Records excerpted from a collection
____

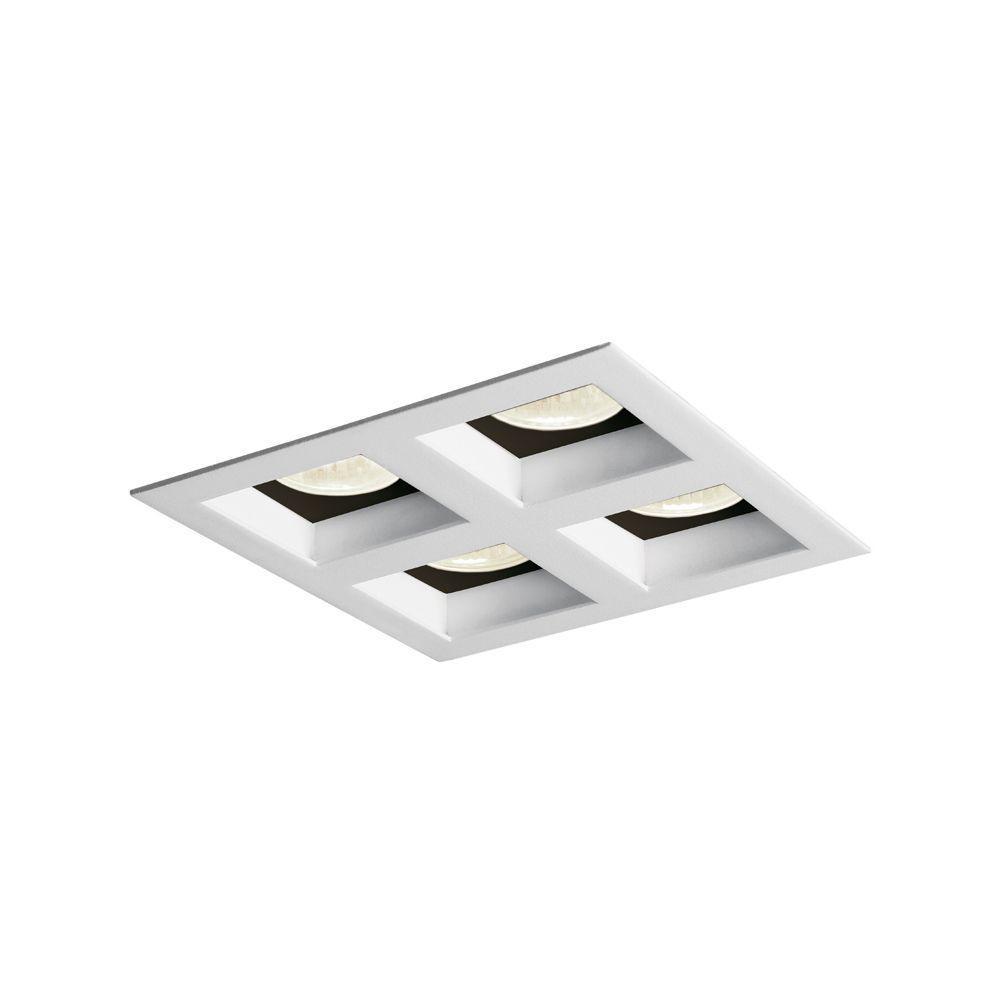 Spot De Embutir Newline Flat Para 4 Lâmpadas Ar70 Gu10 Bivolt Branco Preto - 1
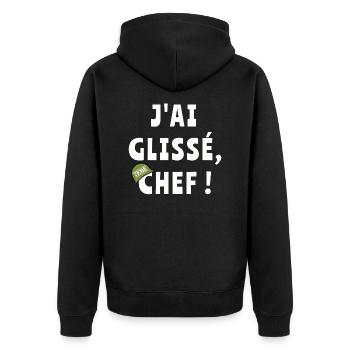 J’ai glissé chef - Veste à capuche bio Premium Unisexe - noir - Dos - Nico (187cm)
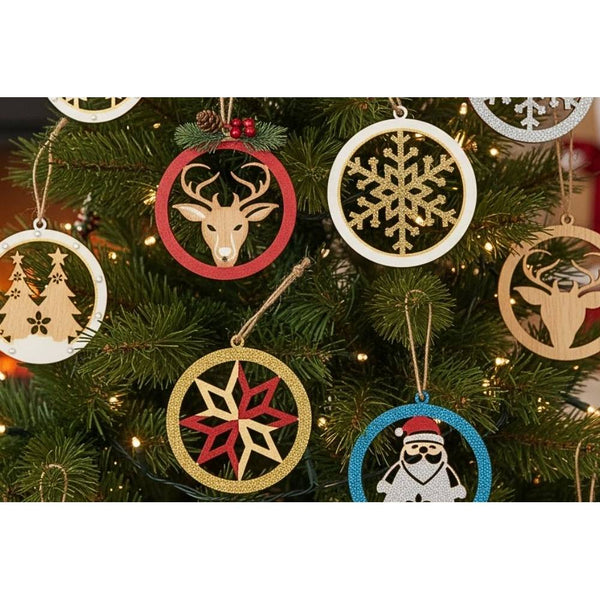 adornos madera navidad personalizar 6 unidades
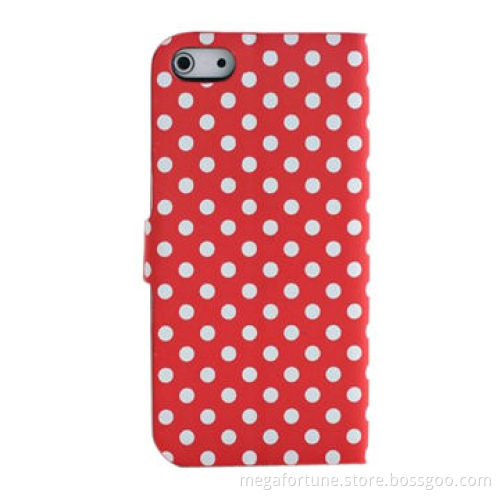 Wholesale flip polka dot PU leather cute case for iPhone 5s, wallet style design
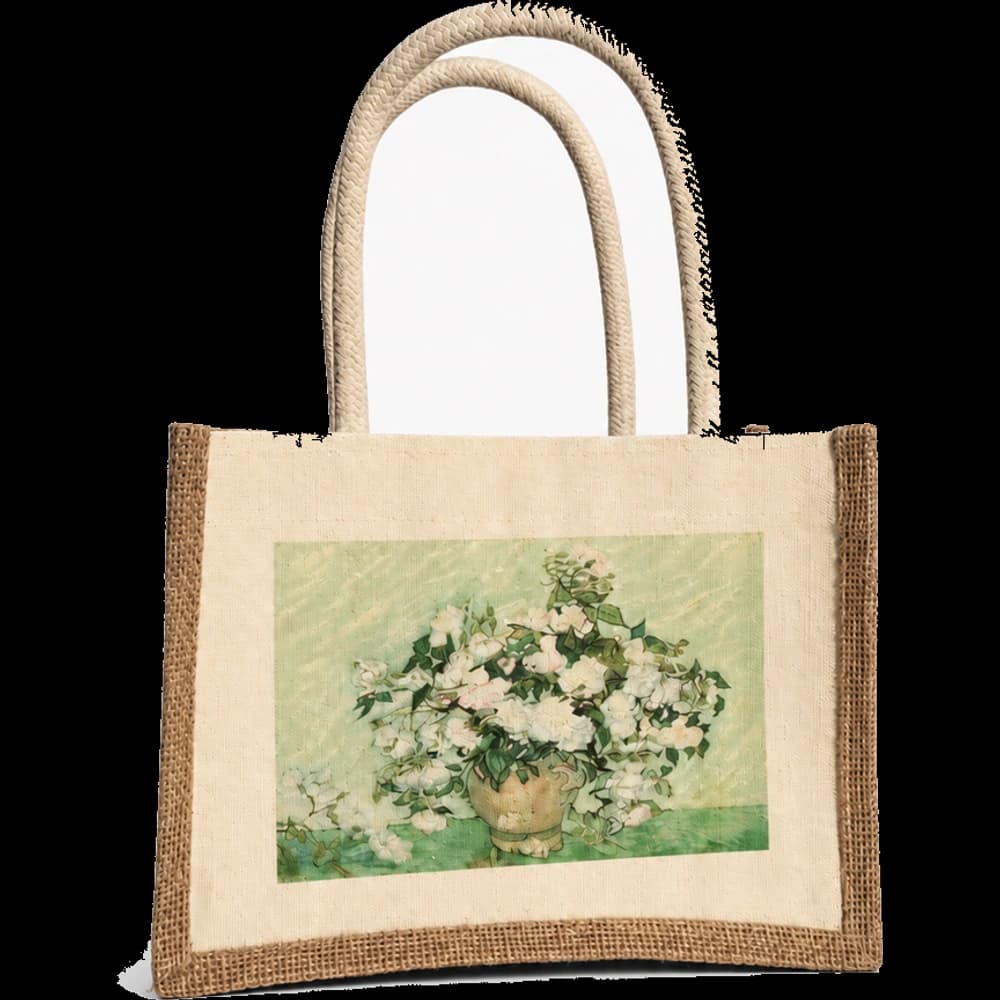 Green Floral Jute Tote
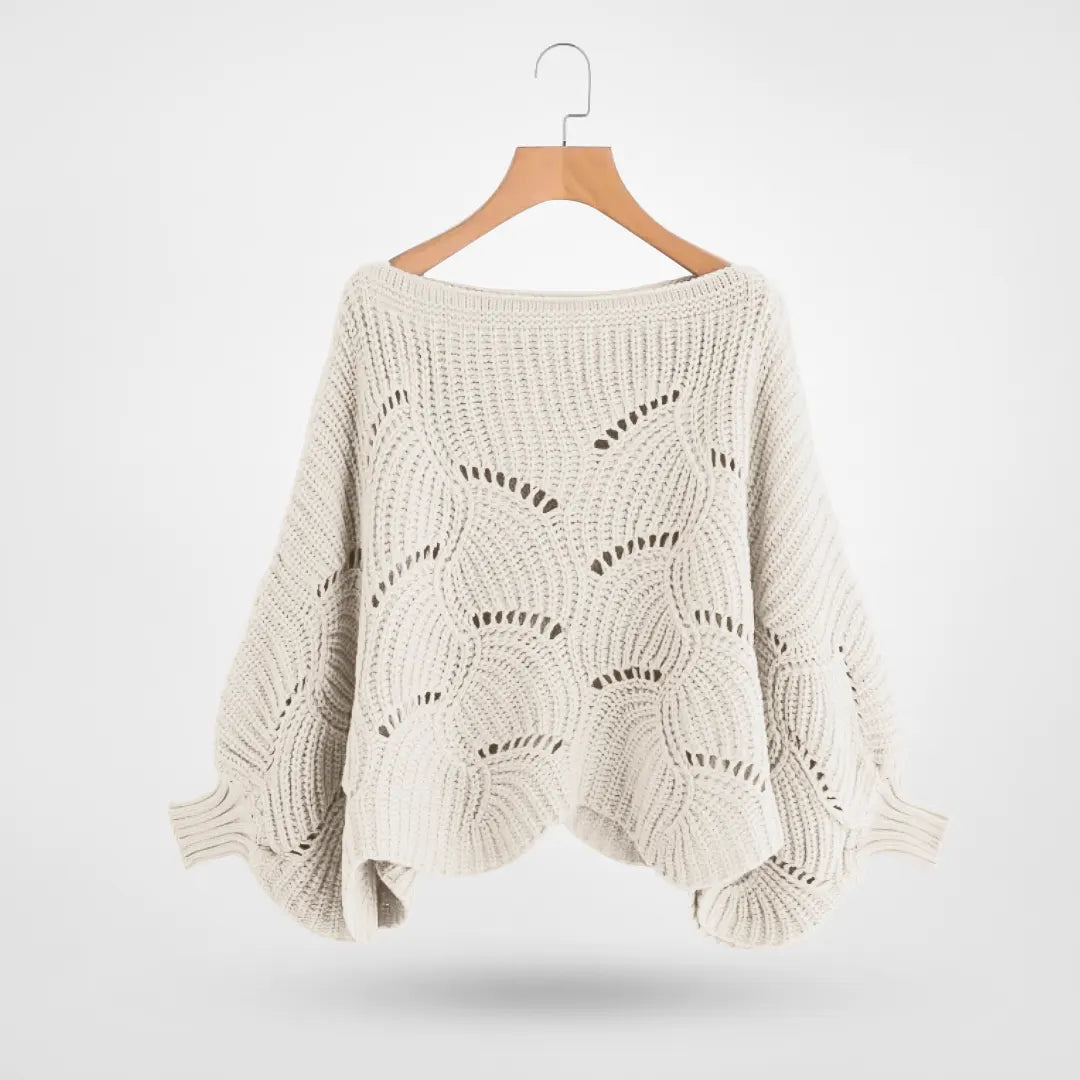 Damen-Strickpullover mit Puffärmeln, kurz geschnitten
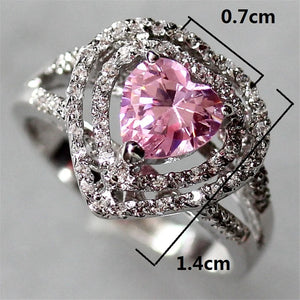 Vintage Pink CZ Rhodium Plated Ring R557 Size 6-9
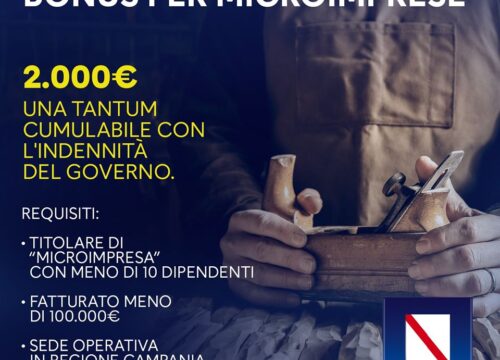 Online il bando della Regione Campania per i 2000 euro alle imprese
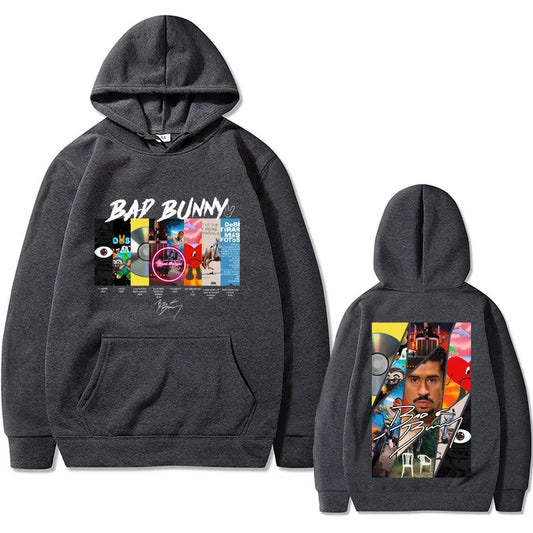 Bad Bunny All Album Hoodie – Dark Grey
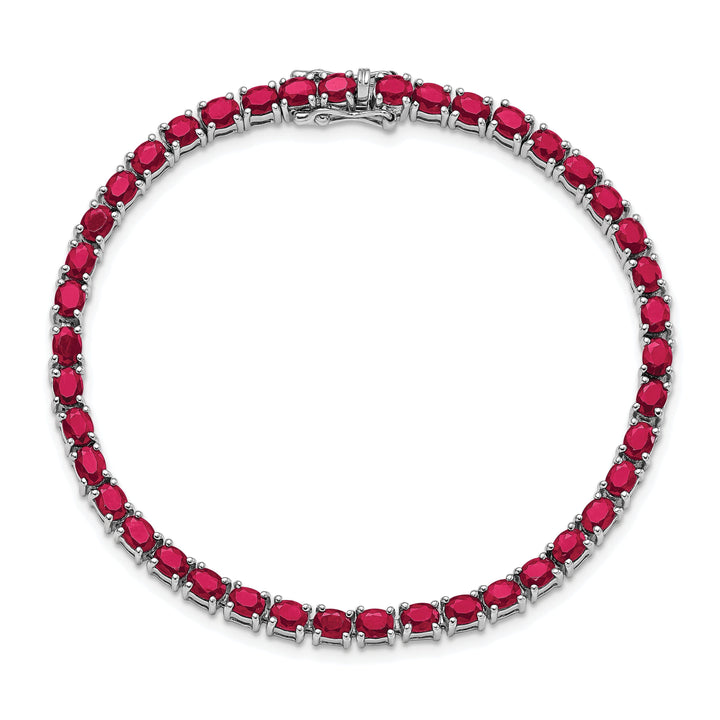 Sterling Silver Polished Oval Ruby Bracelet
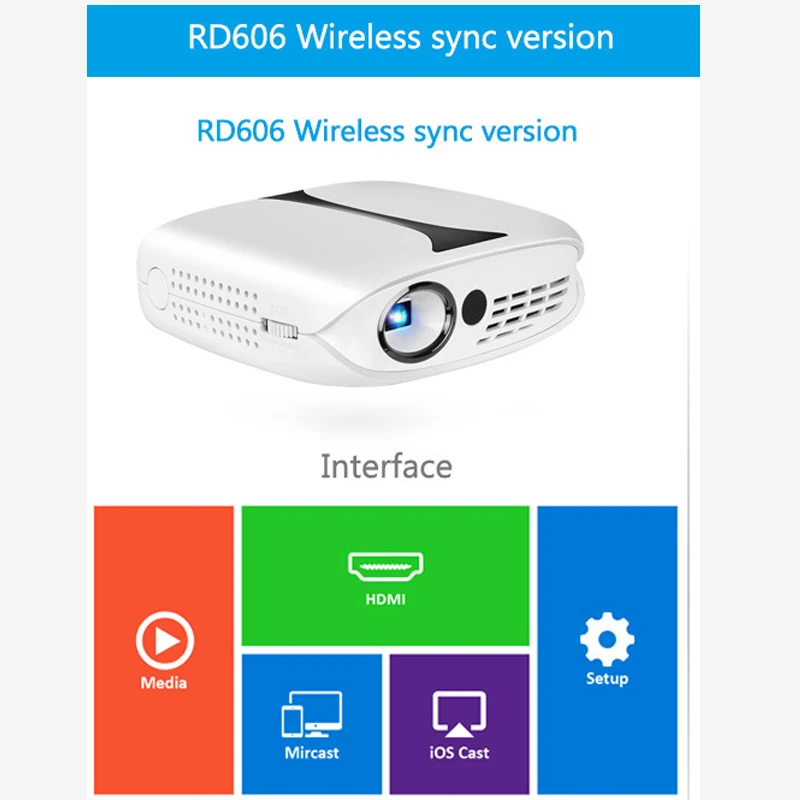 Rigal RD606 جهاز عرض صغير DLP التكنولوجيا 1280x1080 قرار السلكية مزامنة عرض لباد فون الهاتف الصمام المحمولة HD متعاطي المخدرات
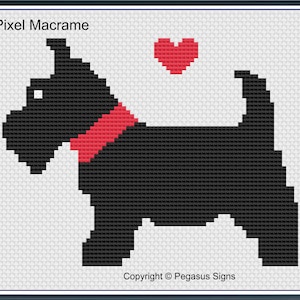 Può includere: Design pixel art in bianco e nero di un Scottish Terrier con un collare rosso e un cuore rosso sopra. Il testo "Pixel Macrame" è in alto nell'immagine e "Copyright © Pegasus Signs" è in basso.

____

In the data above, the stretch from the line with "Bad Bunny All Album Hoodie – Dark Grey" through the line with "Rigal RD606 جهاز" is to be returned exactly, minus any pictures.

* _OUTPUT OF THE EXERCISE_
 Bad Bunny All Album Hoodie – Dark Grey
 Sterling Silver Polished Oval Ruby Bracelet
 Rigal RD606 جهاز عرض صغير DLP التكنولوجيا 1280x1080 قرار السلكية مزامنة عرض لباد فون الهاتف الصمام المحمولة HD متعاطي المخدرات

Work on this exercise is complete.